- Mahdi Kheyl Location within Iran
- Coordinates: 36°26′05″N 52°25′58″E﻿ / ﻿36.43472°N 52.43278°E
- Country: Iran
- Province: Mazandaran
- County: Amol
- District: Dasht-e Sar
- Rural District: Dasht-e Sar-e Sharqi

Population (2016)
- • Total: 593
- Time zone: UTC+3:30 (IRST)

= Mahdi Kheyl =

Village in Mazandaran province, Iran

Mahdi Kheyl (مهدي خيل) (Note: Also romanized as Mahdī Kheyl) is a village in Dasht-e Sar-e Sharqi Rural District (Note: Formerly Dasht-e Sar Rural District) of Dasht-e Sar District in Amol County, Mazandaran province, Iran.

==Demographics==
===Population===
At the time of the 2006 National Census, the village's population was 926 in 219 households, when it was in Dasht-e Sar Rural District (Note: Renamed Dasht-e Sar-e Sharqi Rural District) of Dabudasht District.
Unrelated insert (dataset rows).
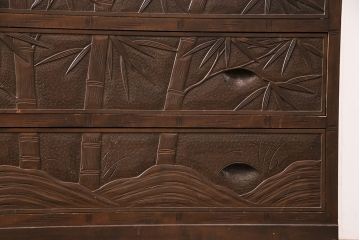中古　伝統工芸　軽井沢彫り　竹の彫刻が見事な衣装盆付きの重ね箪笥(和タンス、着物箪笥、衣装箪笥)(R-050464)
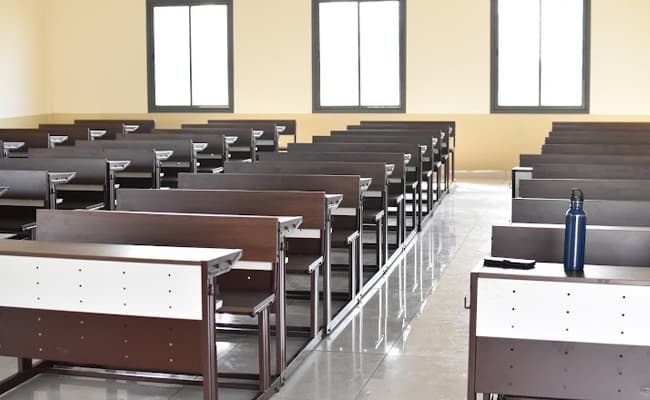 gallery-0003-class2-classroom-24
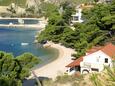 Der Strand Medići im Ort Medići, Omiš.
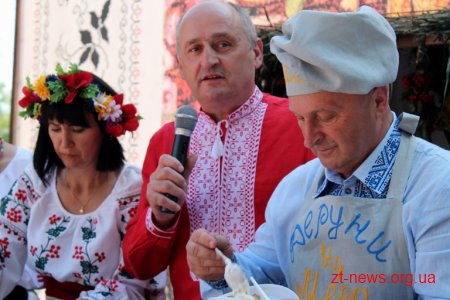 У Коростені відбувся ІХ Міжнародний фестиваль дерунів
The following census in 2011 counted 945 people in 267 households. The 2016 census measured the population of the village as 916 people in 294 households, by which time the rural district had been separated from the district in the formation of Dasht-e Sar District and renamed Dasht-e Sar-e Sharqi Rural District.